I just got a Hummingbird PiranhaMax 170 FF. I trying to figure out what size battery to get. The smaller, the better. Specs it draws 75 mA with the light off and 160 mA with light on.

What size and kind of battery are you using?


----------



## Ken G (Apr 9, 2004)

I use a 12V 7amp hour battery similar to this one: http://www.batterystuff.com/batteries/upc-telecom/PS1270.html

I was in a hurry so I got mine at Radio Shack the day before a trip to Florida for around $30.00. It will run my depth finder longer than I can sit in my kayak. Make sure you use a low output charger or you will cook the battery.


----------



## Mykidsr1 (Mar 19, 2009)

Go to Gander and get the 12v (Most come with Chargers) deer feeder batteries.

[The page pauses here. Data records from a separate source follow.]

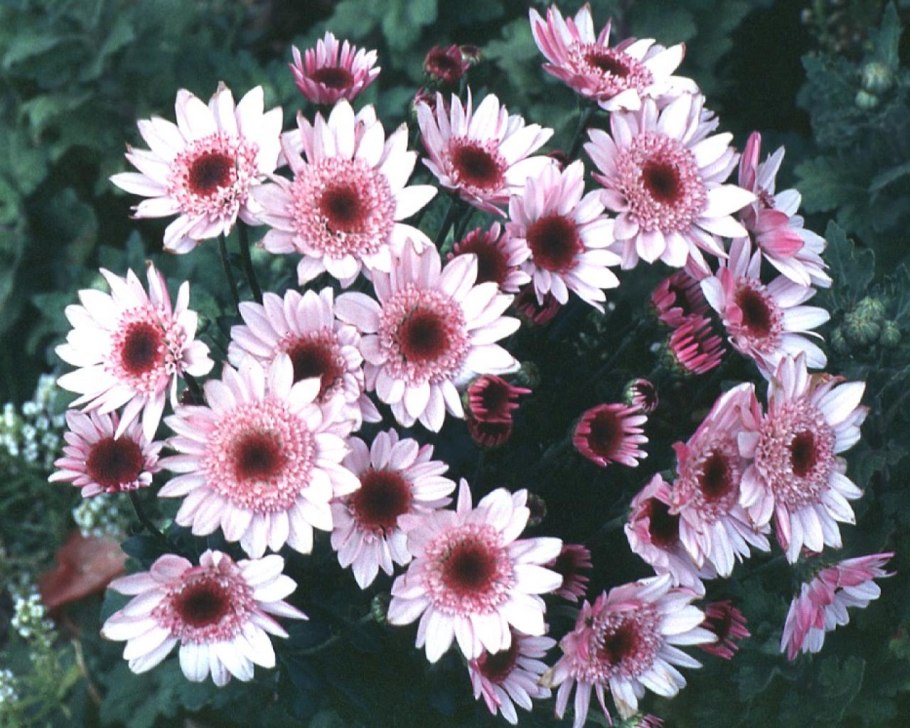 Хризантема (Дендрантема) Вейриха (Chrysanthemum (Dendranthema) weyrichii)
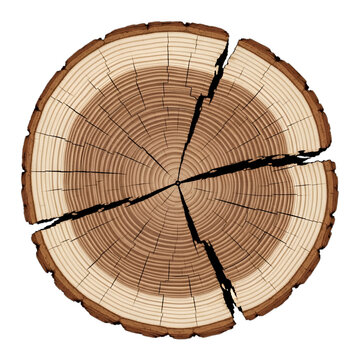 Detailed log cross-section with prominent growth rings and drying cracks, perfect for eco-friendly branding, historical timelines, nature education, rustic decor, or autumn designs.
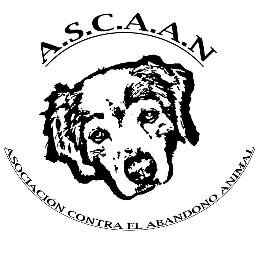 Asociacion contra el abandono animal.              INTERESADOS EN ADOPTAR O ACOGER: ascaan.huellasunidas@gmail.com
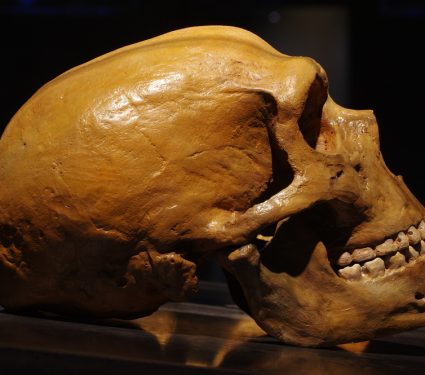 2019/03/NeanderthalSkull.jpg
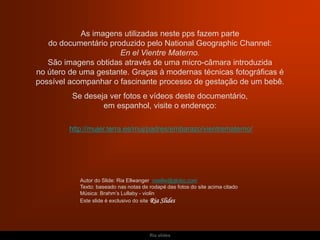 Ria slides
http://mujer.terra.es/muj/padres/embarazo/vientrematerno/
As imagens utilizadas neste pps fazem parte
do documentário produzido pelo National Geographic Channel:
En el Vientre Materno.
São imagens obtidas através de uma micro-câmara introduzida
no útero de uma gestante. Graças à modernas técnicas fotográficas é
possível acompanhar o fascinante processo de gestação de um bebê.
Se deseja ver fotos e vídeos deste documentário,
em espanhol, visite o endereço:
Autor do Slide: Ria Ellwanger riaellw@globo.com
Texto: baseado nas notas de rodapé das fotos do site acima citado
Música: Brahm’s Lullaby - violin
Este slide é exclusivo do site Ria Slides
 
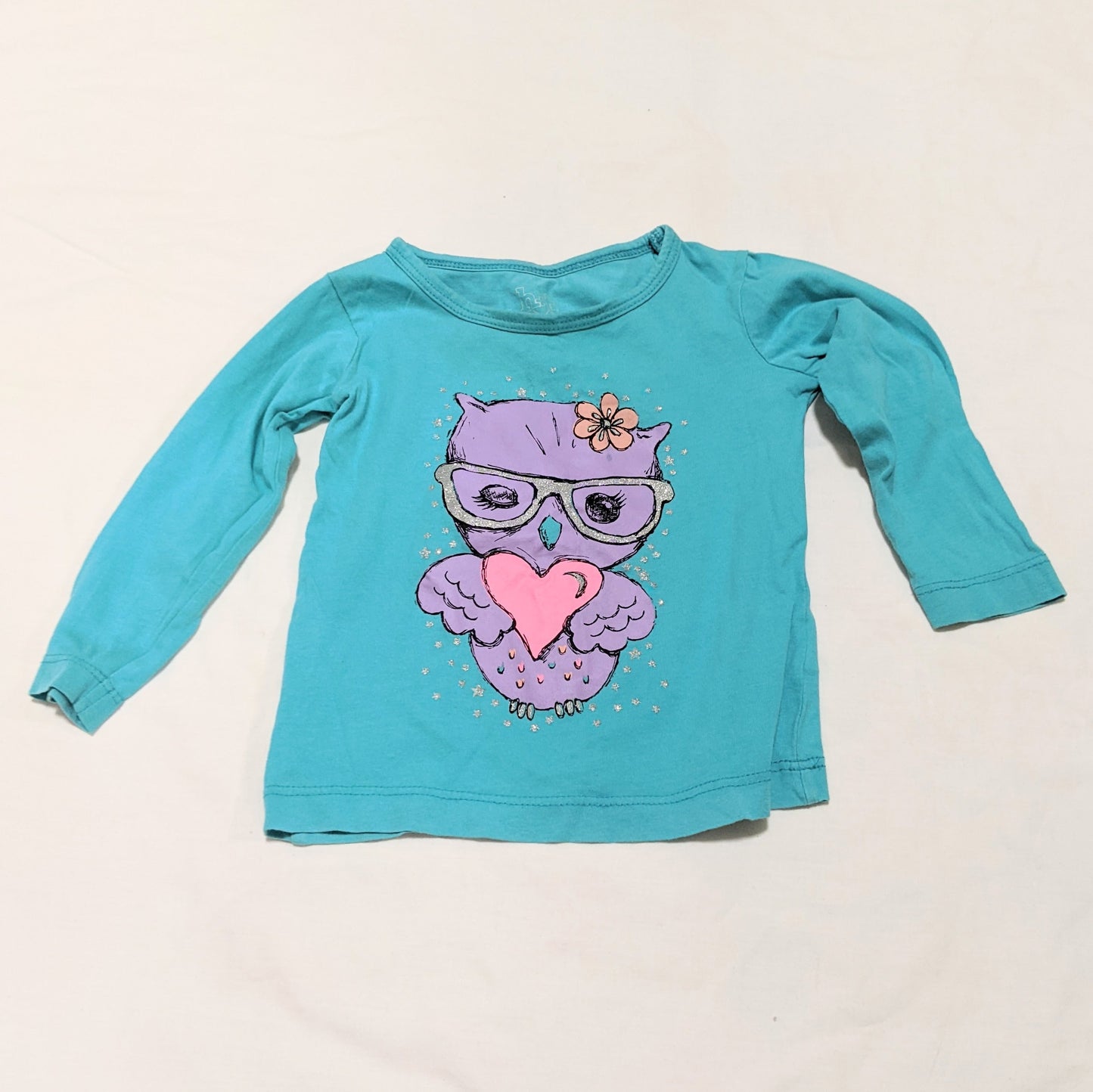 Teal and purple owl long sleeved T-shirt - size 1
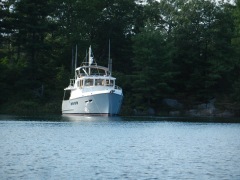 Stern shore tie- Echo Bay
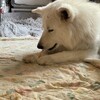 我が家は春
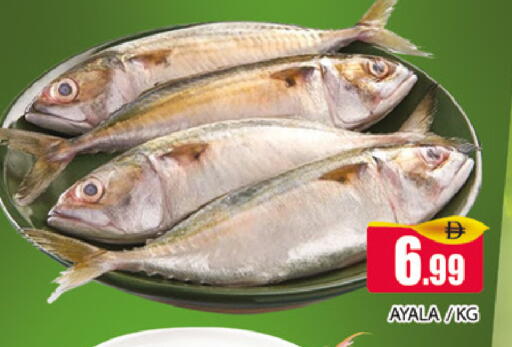 available at المدينة in الإمارات العربية المتحدة , الامارات - دبي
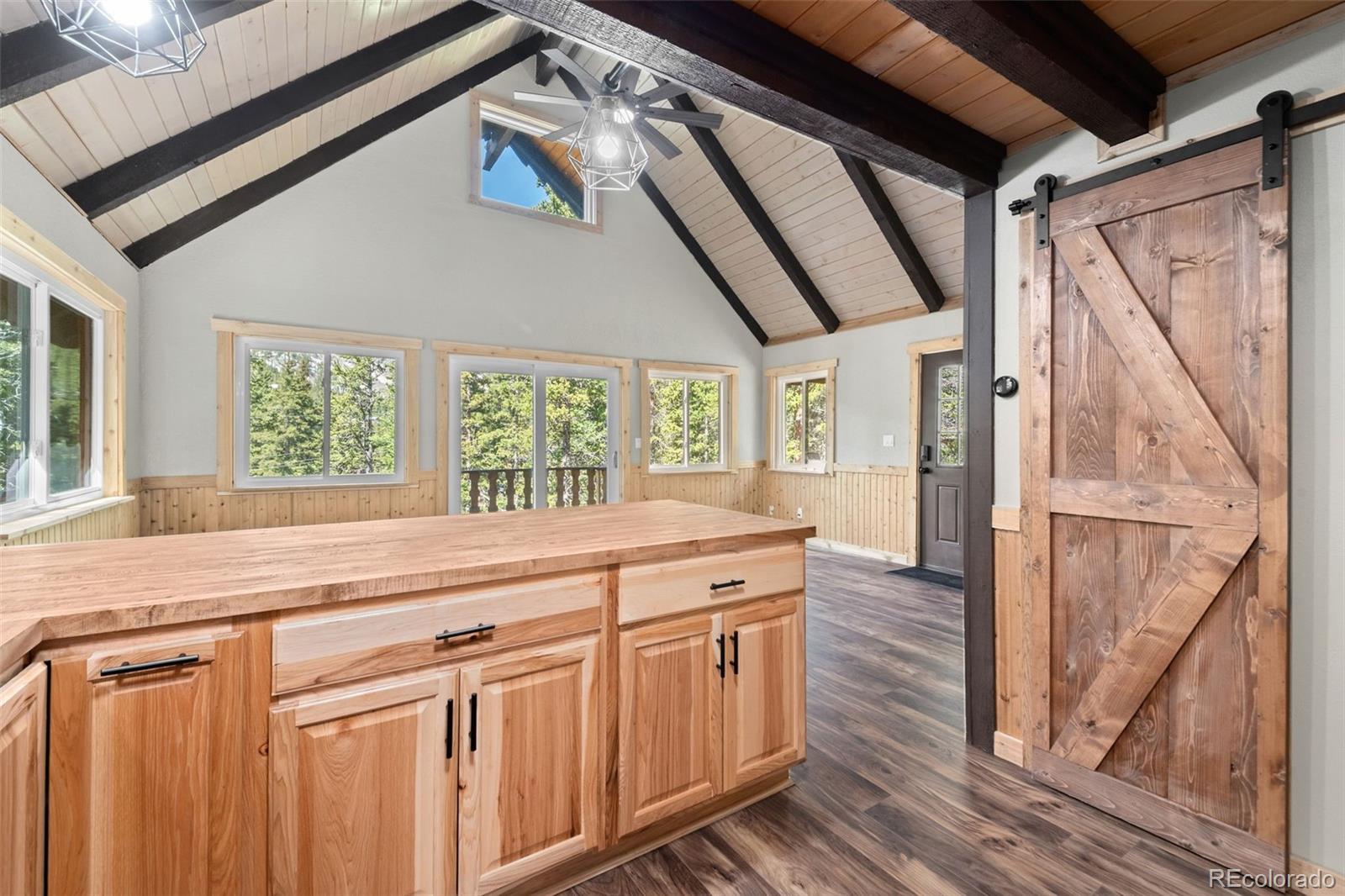 MLS Image #10 for 827  mine road,idaho springs, Colorado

To be honest they would probably sell more if they put them where you could actually find the stinking things......lol

Pick up lexal from Ace hardware or the Gahanna (SP?) Hardware store.
Pick up the connectors from Radio shack
Pick up the dry box from WalMart
Plugs from Lowes or Home Depot

Your set.


----------



## fishwendel2 (Nov 19, 2007)

You can buy a 12v battery and charger from Cabelas for $20 or they have them at Gander Mtn. They are hard to find...stumbled across them the other day after shopping there for many years. I would buy the Humingbird Kayak transducer kit from Capt Dicks http://www.captdick.net/NEW%20PRODUCTS.htm
Do not use the "marine grease" that comes with it. Use Lexel. If you dont want to but the kit you can pick up a $2 pool noodle from Walmart, cut out the shape of your transducer and glue the noodle to the bottom of your kayak. Pour some Lexel in the bottom and put your transducer in. Let it cure for several days before taking it out. Depending on your set up...I found a plug set up at West Marine for like 10 bucks and its 99.9% waterproof. I have the kayak kit and it works perfectly. Any questions about it pm me or shoot me an email.


----------